Seul dans la cuisine, j’écris ces quelques notes sur mon carnet. Tout le monde dort encore, à l’exception de Bob, levé comme moi au petit matin et avec qui j’ai pris un café un peu plus tôt. Debout dans la cuisine, face à la fenêtre, nous avons regardé en silence le soleil se lever sur les Sandia mountains.
J’étais réveillé à 4 h ce matin, et j’ai eu beaucoup de mal à me rendormir, comme chaque jour depuis le début de ce voyage. Au fur et à mesure que nous avançons, des choses vues, des personnes que l’on croise, ressurgissent de mon passé. Elles font écho en moi, et tout à la fois me ramènent loin en arrière et me projettent vers l’avenir. Ce journal, ces notes qui viendront plus tard commencer un livre, sont une manière d’exorcisme.

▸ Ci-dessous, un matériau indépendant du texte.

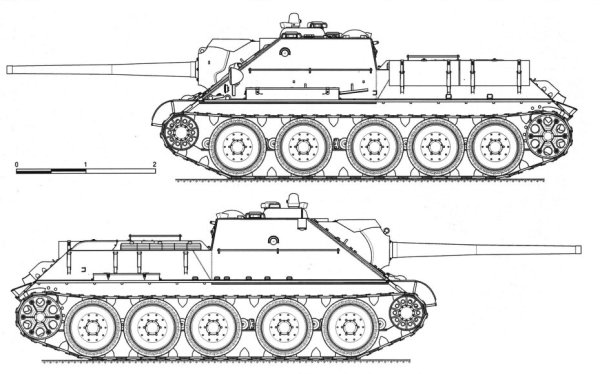 Чертёж танка Су 100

En juillet 2012, quand je visitais mon père à l’hôpital, alors qu’il était allongé sur ce lit qu’il ne devait plus quitter, nous avons parlé de mon prochain voyage à New York, prévu le mois suivant. « Tu vois, me dit-il, j’ai beaucoup voyagé : l’Afrique, l’Europe, le Proche-Orient, mais l’Amérique, jamais. L’Amérique, c’est toi qui le fais pour moi. »
Au lendemain de sa mort, en septembre, ce voyage s’est imposé comme une évidence. La prise de conscience du temps qui passe, des années écoulées, des souvenirs et des moments perdus, des gens qui comptent et que l’on n’a pas revus, il y avait tout cela, mais surtout, il y avait l’envie de faire ce voyage pour lui.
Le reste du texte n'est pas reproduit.